To address High Availability (HA), we could, theoretically speaking, add N+1 KafkaConsumerActors, where N is the number of paritions for HA purposes, if our application was mission critical and very sensitive to performance. This would, however, only potentially improve HA of the application, as this additional KafkaConsumerActor would sit iddle (e.g. not consuming anything from Kafka) until another KafkaConsumerActor node failed.

Moreover, in case you are wondering, not having N+1 KafkaConsumerActor does not severely harm the HA of our application, as Kafka will reassign partition Ids among remaining Consumers in the event of Consumer failure.
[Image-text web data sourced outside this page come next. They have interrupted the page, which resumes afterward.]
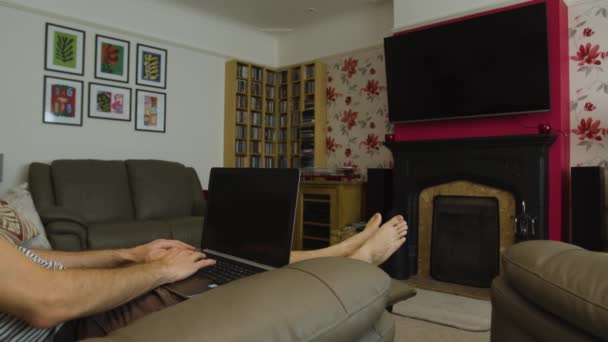 男士们靠在客厅的笔记本电脑上 从家里的广角镜头开始打字 — 图库视频影像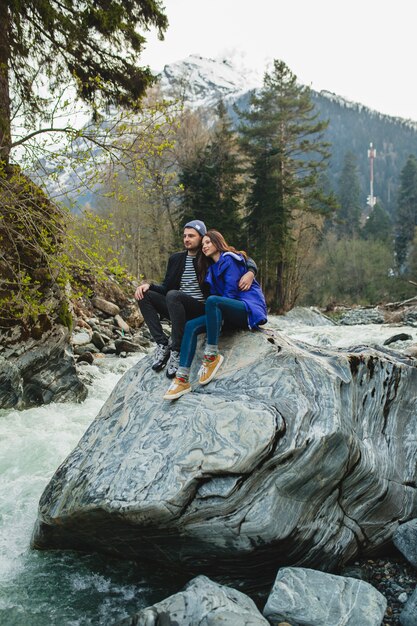 Joven hipster hermosa pareja de enamorados caminando sobre una roca en el río en el bosque de invierno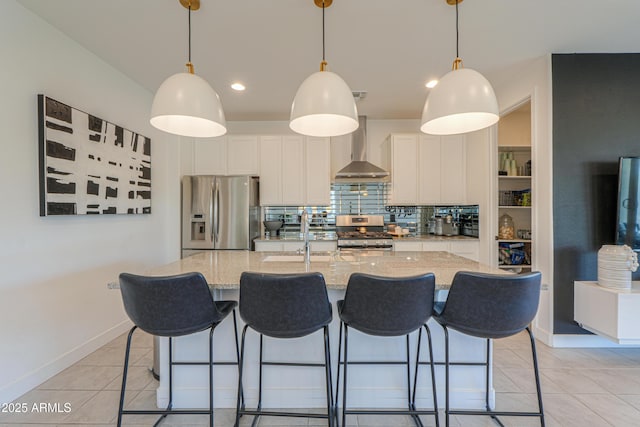 21595 S 225th Way, Queen Creek, AZ 85142 - kitchen featuring baseboards, white cabinets, stainless steel appliances, wall chimney exhaust hood, and an island with sink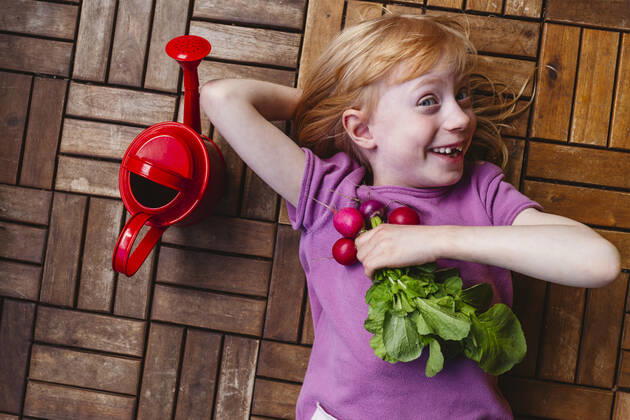 IMAGO Creative, Sommer, Food, Radieschen Happy girl with radish lying by watering can on balcony floor model released, Symbolfoto property released, IHF00839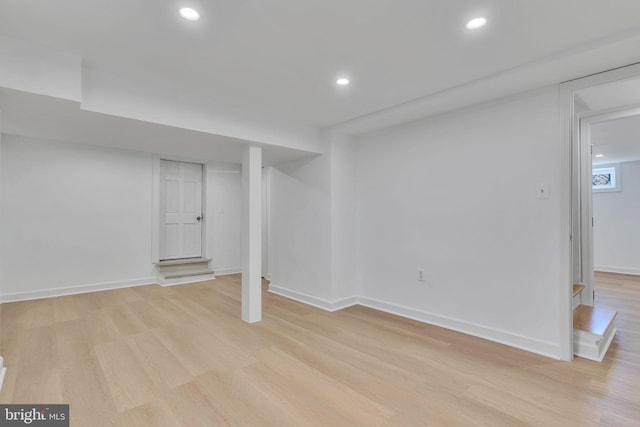 basement featuring light hardwood / wood-style flooring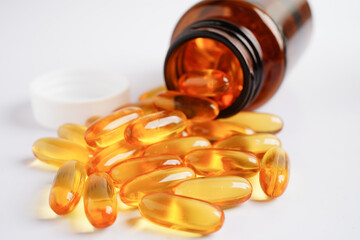 Fish oil or Cod liver oil gel in capsules with omega 3 vitamins, supplementary healthy food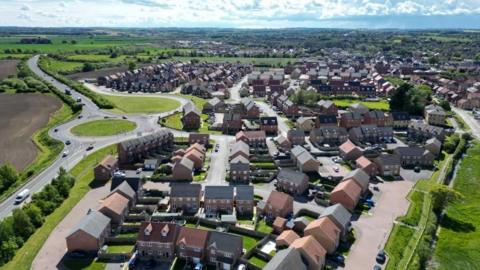 Drone footage of a new build housing estate. There is a large roundabout to the left and about 100 houses in the development.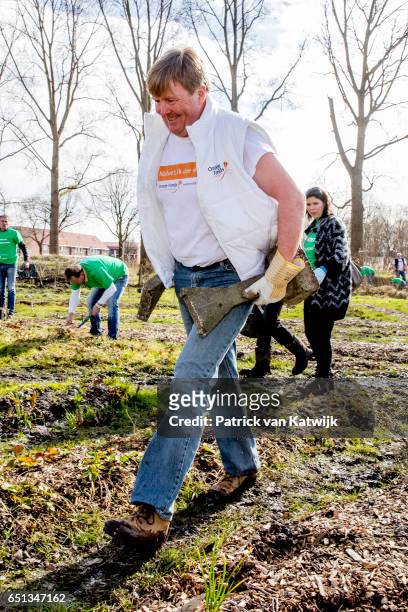 King Willem-Alexander of the Netherlands volunteering for NL Doet in the neighborhood garden on March 10, 2017 in Breda, Netherlands. NL Doet is a...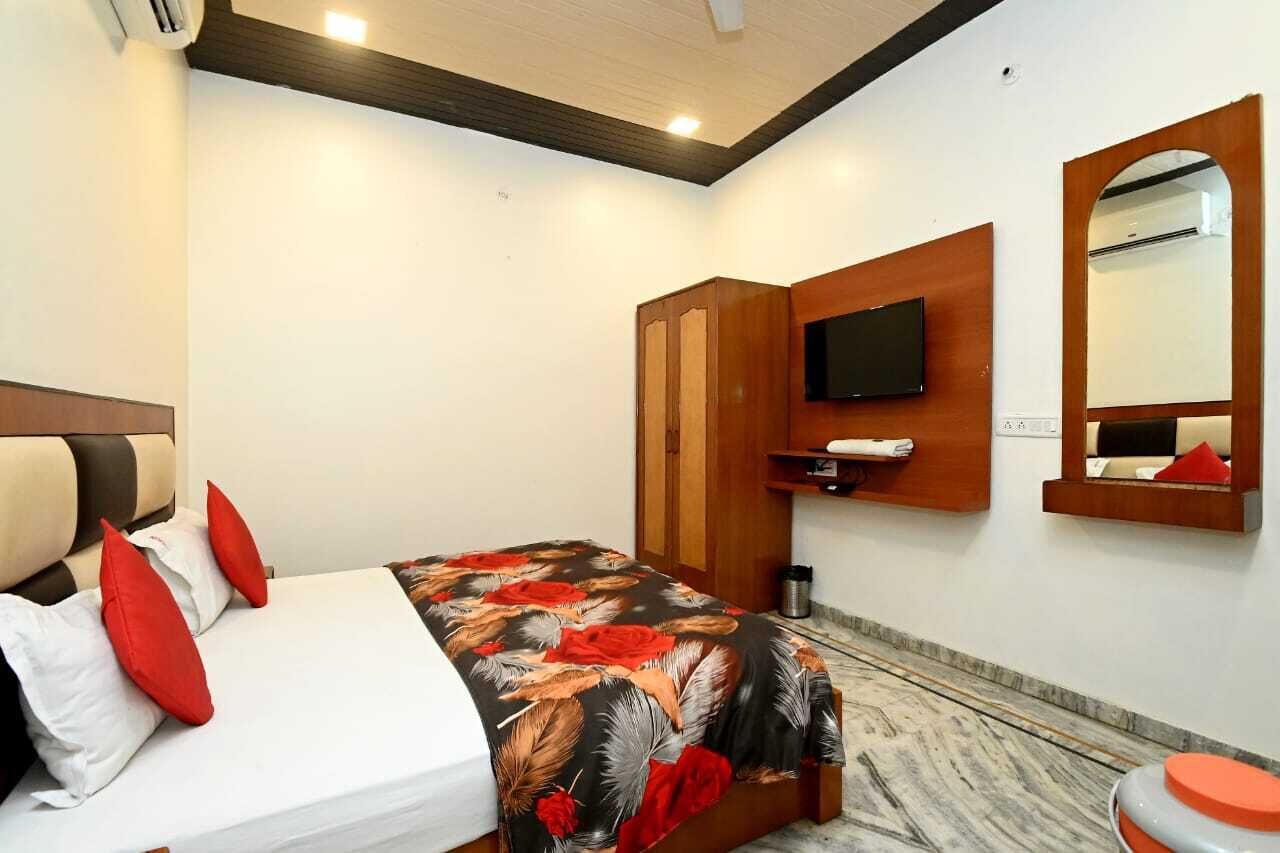 A hotel room with a bed, a TV, a mirror, and a small shelf.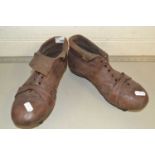 A pair of vintage leather football boots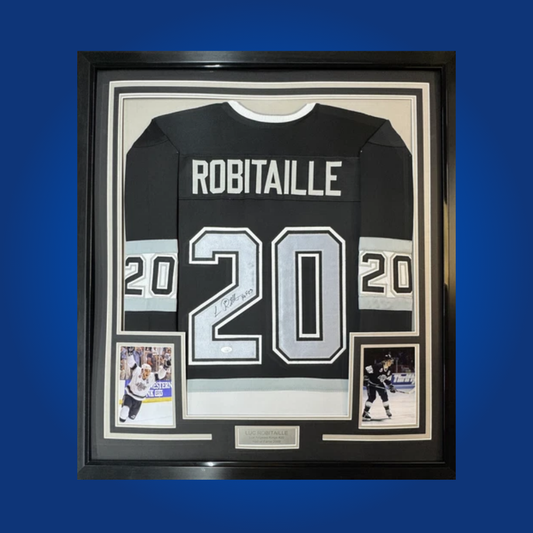 Luc Robitaille’s signature on this full framed Los Angeles Kings black jersey commemorates the Hall of Famer’s scoring prowess and lasting legacy with the franchise.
However, this obviously means that consumers will be unbalanced, as one them will be simultaneously consuming from two partitions.

Now, you may ask what happens in the case of failure of a given node that was processing a given event? Well at the end of the Akka Streaming Pipeline each KafkaConsumerActor commits back the message offset to Kafka – thus ackowledging consumption. So in this case, after the default TTL of message consumption that is configured in Kafka passes, we know that a message was not successfully processed (no acknowledgement), and so another KafkaConsumerActor will actually read again from Kafka that same message, and thereby reprocessing it.
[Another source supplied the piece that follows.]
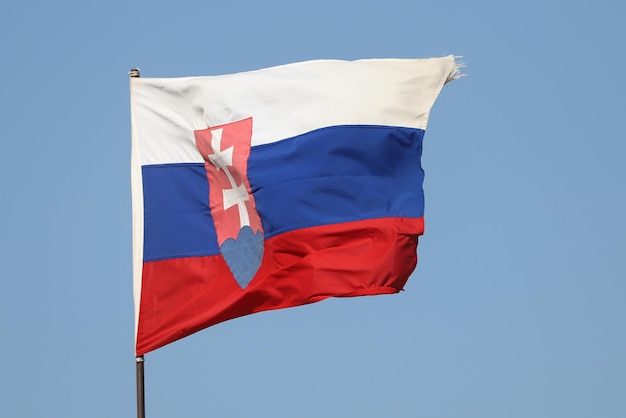 Slovakian flag flying on flagpole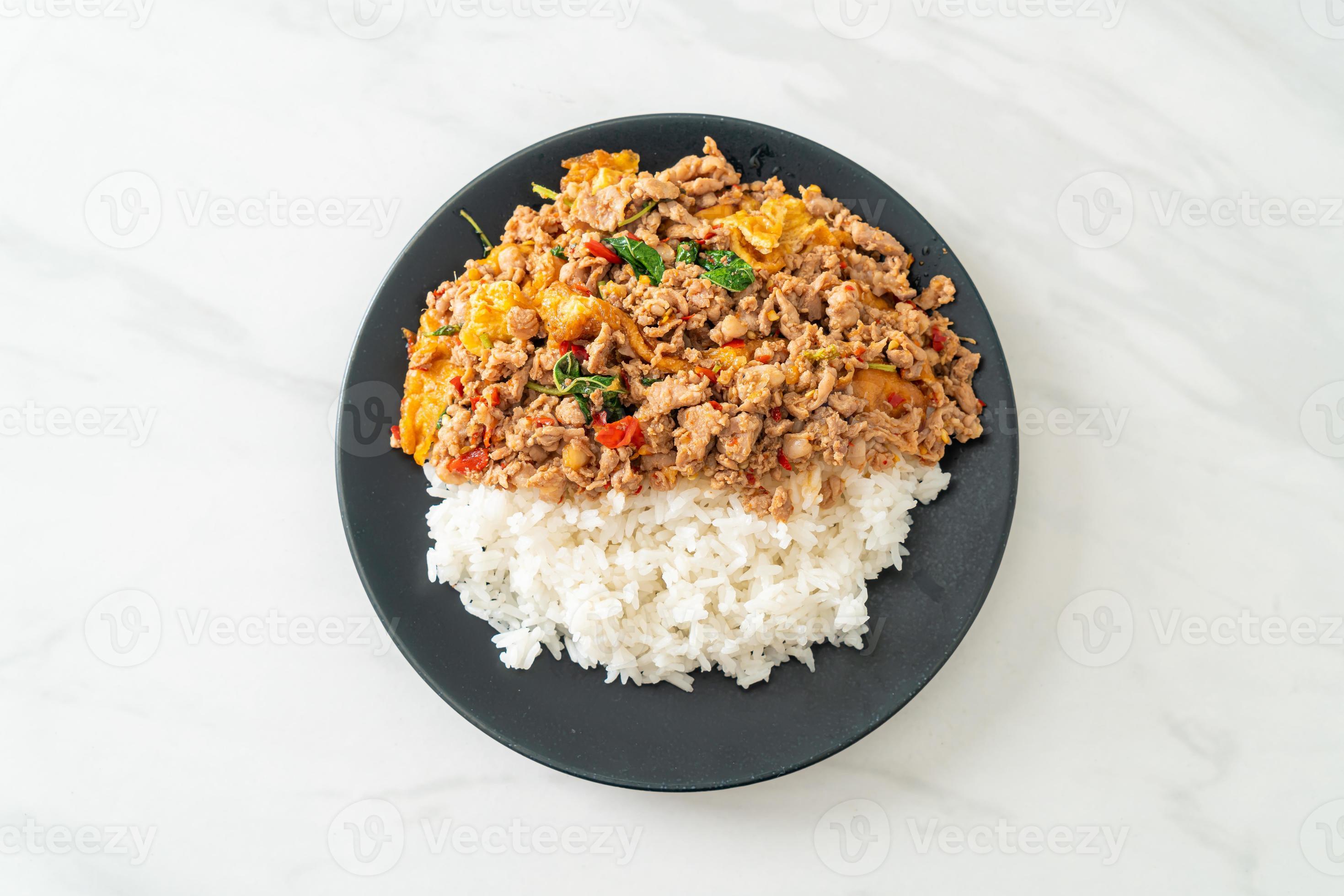 stirfried minced pork with basil and egg topped on rice 21705384 Stock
As mentioned previously, when an event processing was processed by the system KafkaConsumerActor will commit back the to Kafka that event’s offset, thereby acknowledging to Kafka that a given message has been successfully consumed for it’s Kafka Consumer Group. We can’t stress this enough (and thus repeating ourselves): this is how we are able to guarantee at at-least once semantics when processing a given message. Note that in our case, since we are storing in Kafka the offsets, in our implementation we cannot guarantee exactly once semantics. Nonetheless, this does not constitute a problem, as we are later using Redis cache to assure event. For more information about Akka Kafka consumer, please check here.
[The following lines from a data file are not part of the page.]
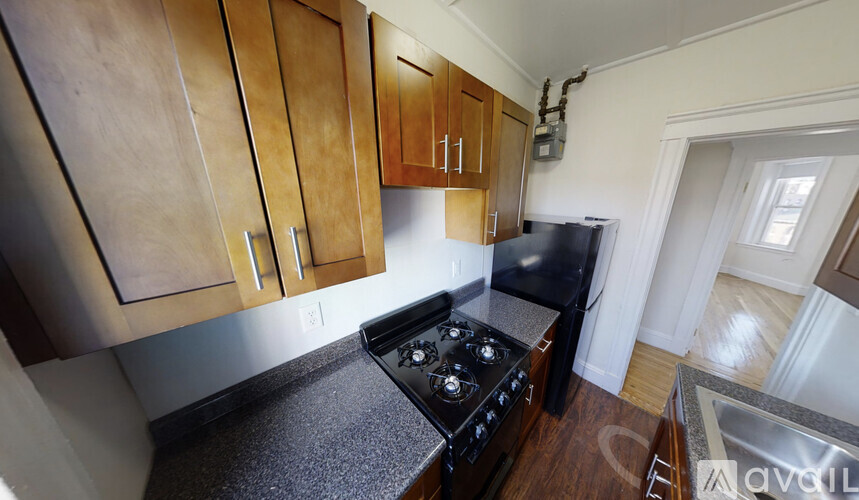 A kitchen with wooden cabinets and a black stove top oven.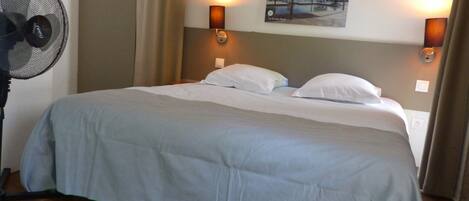 A hotel room with a large bed, two wall-mounted lamps, a ceiling fan, and a painting on the wall.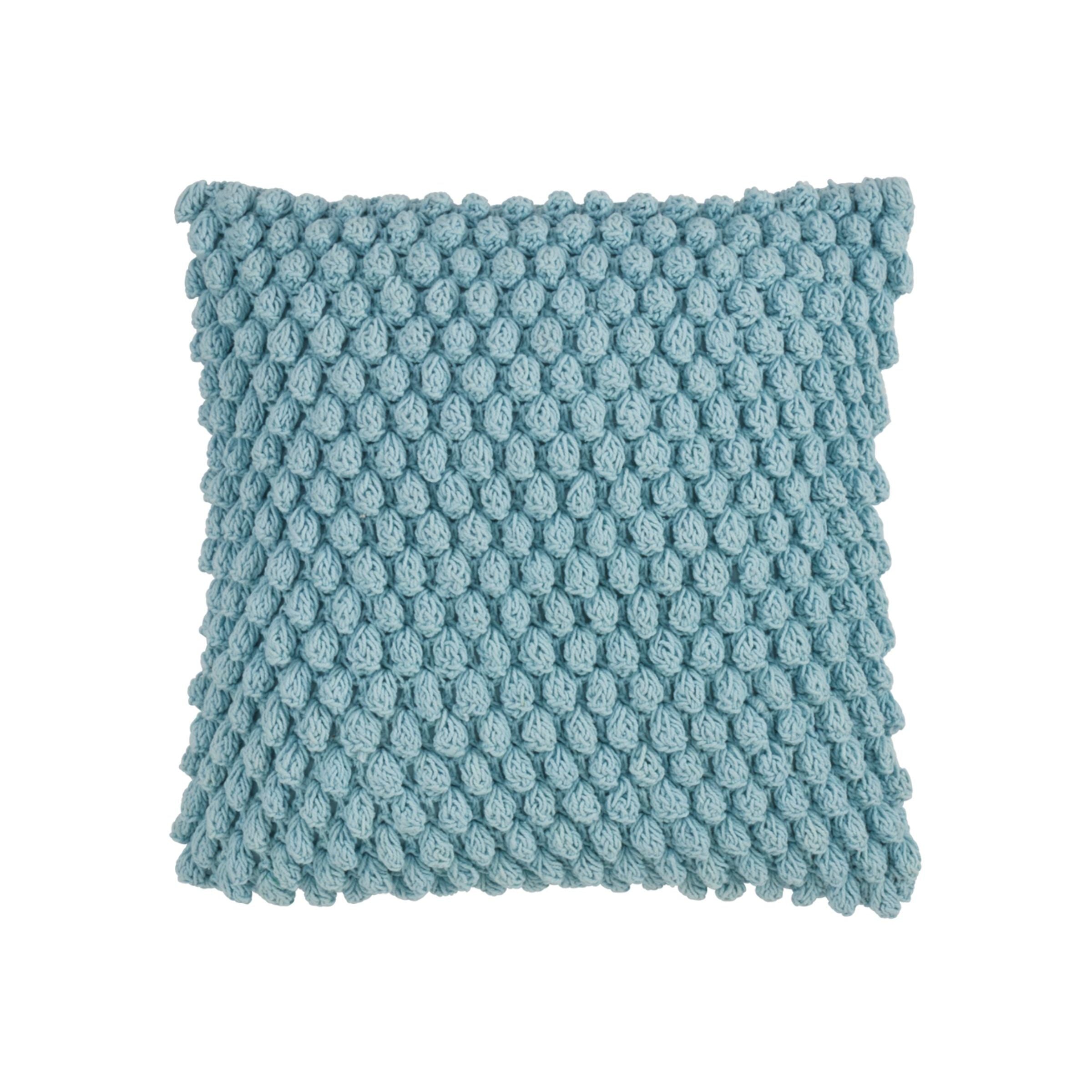 Square blue pillow with a chunky knit bubble texture.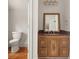 Small bathroom with pedestal sink and decorative mirror at 6771 Sunny Brook Ln, Atlanta, GA 30328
Let us address scalabilty in the rest of the application, by taking the CouponRouterActor architecture into consideration.

coupon-actor-scalability

 

As shown in the previous illustration, performance is scaled by using Akka “routees” behind CouponRouterActor (as well as behind PushNotificationRouterActor). On of the beauties of Akka is that it allows us to code the CouponRouterActor 99% the same as if it was not operating as Akka Router. Simply on Actor class instantiation we mention its Router nature, and the rest is handled by Akka.

Final remarks

We will dive into more detail into each stage next. However, we would like to highlight the importance of Akka Streaming Pipeline. It is able to control how many messages should be read from Kafka, because it sends messages to CouponRouterActor and PushNotificationRouterActor using the Ask Pattern – which waits for a response (up to a given time-to-live (TTL)).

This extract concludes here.